Mouse swims through the sewers and comes up just outside of town. All through his escape, he is talking to God, and at one point he promises never to pick another pocket if God will let him get out safely. Having done so, he then cuts a purse and says that God of course knew what a weak-willed person he is and therefore didn't actually expect him to keep the promise.

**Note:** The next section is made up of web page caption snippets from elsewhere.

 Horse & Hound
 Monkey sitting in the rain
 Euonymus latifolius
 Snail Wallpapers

With the help of Navarre, Mouse narrowly avoids being recaptured. Navarre makes him stay and travel together, stating his request for Mouse's help sneaking back into Aquila. The first night, they sleep in a barn, and Mouse sees Isabeau, whom he later calls Ladyhawke, and a large black wolf. It is much later that he finally understands what the situation is, and that's when his role becomes more than the comic relief that keeps this movie from being a typically annoying tragic love story. He begins to pass messages between the lovers, only he elaborates on them. It is his intervention (and lying!) that gives them the hope to go on.
During a fight with the guard, Isabeau is felled by a crossbow bolt, and Navarre sends Mouse to Imperius (who is now living in a ruined building in the middle of nowhere) to take care of her. Imperius tries to convince them that there will soon be a time that there is no day or night, during which Navarre and Isabeau can go before the bishop as man and woman and thus break the curse. Mouse believes him, but Navarre does not - he just wants to kill the bishop, although Imperius insists the curse can never be broken then.

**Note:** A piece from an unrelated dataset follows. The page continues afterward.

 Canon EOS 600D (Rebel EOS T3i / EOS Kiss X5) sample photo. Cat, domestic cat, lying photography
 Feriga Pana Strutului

To convince him to try, they set a trap during the night, so that Isabeau and the wolf will be together at sunrise, and Navarre will be willing to take the chance that Imperius is right. It works, and they enter the city at night with Navarre in a cage, supposedly to give him to the bishop, who has set a bounty on black wolves in the hopes of killing Navarre and getting Isabeau for himself.
After a stirring swordfight in the church, Navarre looks up to see that the sun is going dark. But he thinks they have already lost, and so he is about to kill the bishop anyway when Isabeau appears in the doorway and calls his name. She comes forward, and they force the bishop to look at them together.
As they are embracing in joy, Imperius tells Mouse that he wants to see him in Heaven, to which Mouse replies that he will be there, "even if I have to pick the lock."
The effects are fantastic for mid-1980's, and in fact, I think the movie on the whole benefits from the lack of easy CGI. Instead of showing Navarre morphing into a wolf, we see him running, frantically trying to remove his armor as the sun sets, then he disappears behind a hill, and the black wolf bounds over the crest. Instead of watching Isabeau's entire body turn into a hawk, we see her hand against the sun, rays streaming between her fingers, and then aflapping wing. They focus in on the eyes, changing from human to wolf or hawk, or back again. The scream of a falling woman shifts just a little to become the cry of a soaring hawk. It is in a way much more artistic, and better suits the mood of the piece, mystical and mysterious.